Exercise: Only the lines of the data below from the one with "MC Kenzie ALU ram - 2" through the one with "2013 Nissan Frontier King Cab vehicle photo" are wanted. Repeat them exactly.

Data listing:
____
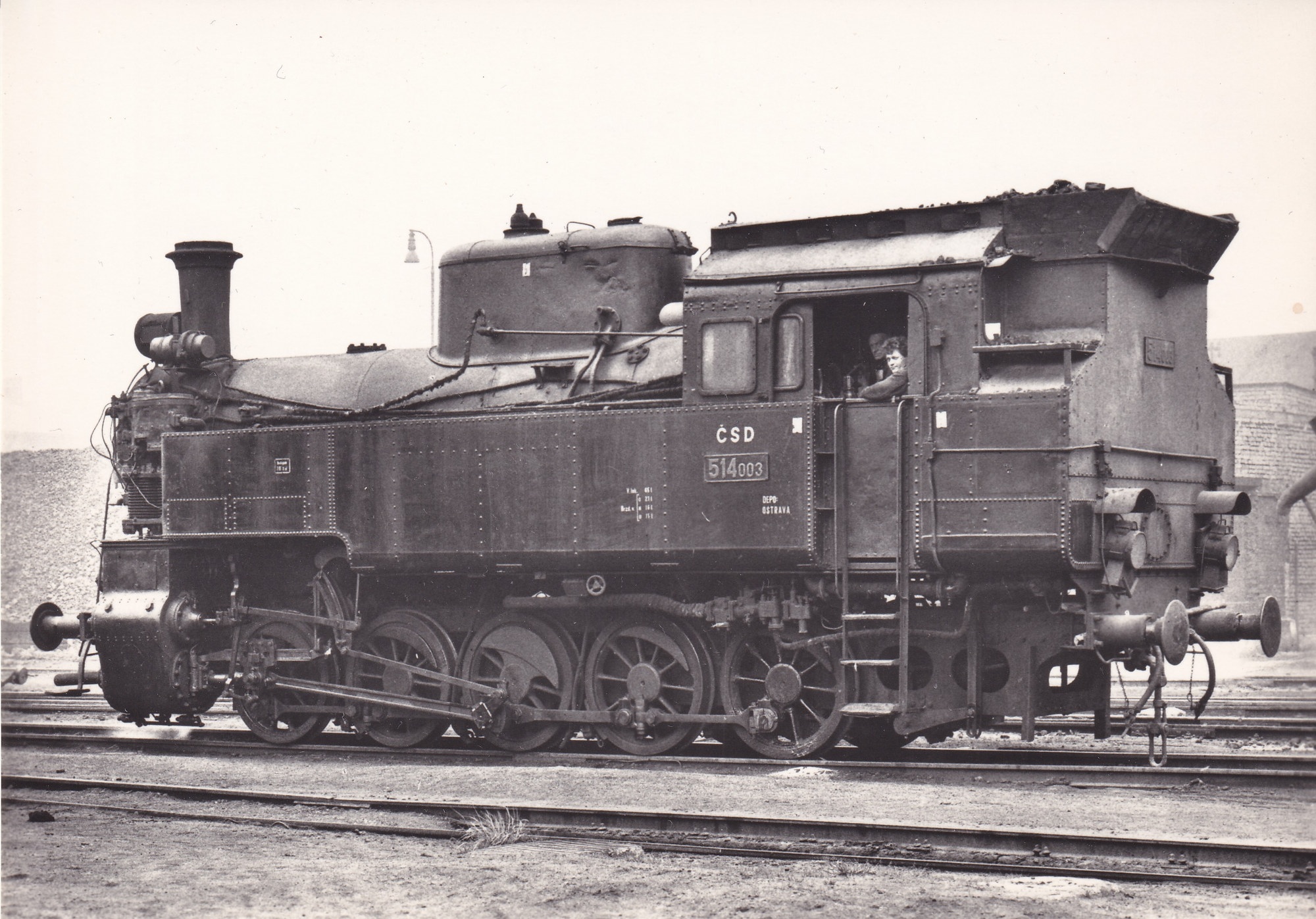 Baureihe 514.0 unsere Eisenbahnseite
____
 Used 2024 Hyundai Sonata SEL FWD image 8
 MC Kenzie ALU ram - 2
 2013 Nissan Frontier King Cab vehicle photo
____
Solved problem:
 MC Kenzie ALU ram - 2
 2013 Nissan Frontier King Cab vehicle photo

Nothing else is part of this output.